Sie ist damit nicht einfach erfunden, denn der historische Kern ist plausibel. Jesus mag sich auch auf eine Anhöhe begeben haben, damit er besser zu verstehen war. Und warum soll es dabei nicht auch die eine große Predigt gegeben haben, die besonders dicht war und von besonders vielen Menschen gehört wurde? Die durchgefeilte Groß-Komposition aber, die wir heute als Bergpredigt kennen, geht wohl auf eine Zusammenschau des Matthäus zurück.

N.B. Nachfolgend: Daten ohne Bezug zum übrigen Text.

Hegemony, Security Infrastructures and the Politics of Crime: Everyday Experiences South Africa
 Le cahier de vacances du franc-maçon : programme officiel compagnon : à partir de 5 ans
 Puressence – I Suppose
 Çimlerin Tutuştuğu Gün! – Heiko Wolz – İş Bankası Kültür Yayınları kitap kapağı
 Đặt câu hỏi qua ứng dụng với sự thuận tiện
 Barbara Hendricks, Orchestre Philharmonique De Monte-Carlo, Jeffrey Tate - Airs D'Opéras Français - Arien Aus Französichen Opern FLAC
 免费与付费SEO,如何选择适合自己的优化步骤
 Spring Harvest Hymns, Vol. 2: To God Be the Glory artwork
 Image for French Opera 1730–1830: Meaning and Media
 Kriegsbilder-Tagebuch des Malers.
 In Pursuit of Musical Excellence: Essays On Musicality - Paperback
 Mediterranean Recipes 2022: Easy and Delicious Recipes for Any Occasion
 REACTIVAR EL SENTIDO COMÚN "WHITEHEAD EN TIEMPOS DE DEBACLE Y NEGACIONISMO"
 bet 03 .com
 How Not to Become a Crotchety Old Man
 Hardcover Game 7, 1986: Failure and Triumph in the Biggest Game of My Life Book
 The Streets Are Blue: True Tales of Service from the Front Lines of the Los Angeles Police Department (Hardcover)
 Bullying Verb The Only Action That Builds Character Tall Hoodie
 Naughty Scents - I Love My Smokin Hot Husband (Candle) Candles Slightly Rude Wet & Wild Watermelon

Nur ein Detail sei genannt, woran die literarische Begabung des Matthäus zu erkennen ist: Ziemlich genau in der Mitte der Bergpredigt steht das Vaterunser. Allein die Positionierung ist ein anrührendes Stück Theologie. Die Anrede an Gott ist das alles entscheidende Herzstück aller Regeln Jesu. Kein Zweifel, dieser Mann Matthäus verstand etwas vom Schreiben.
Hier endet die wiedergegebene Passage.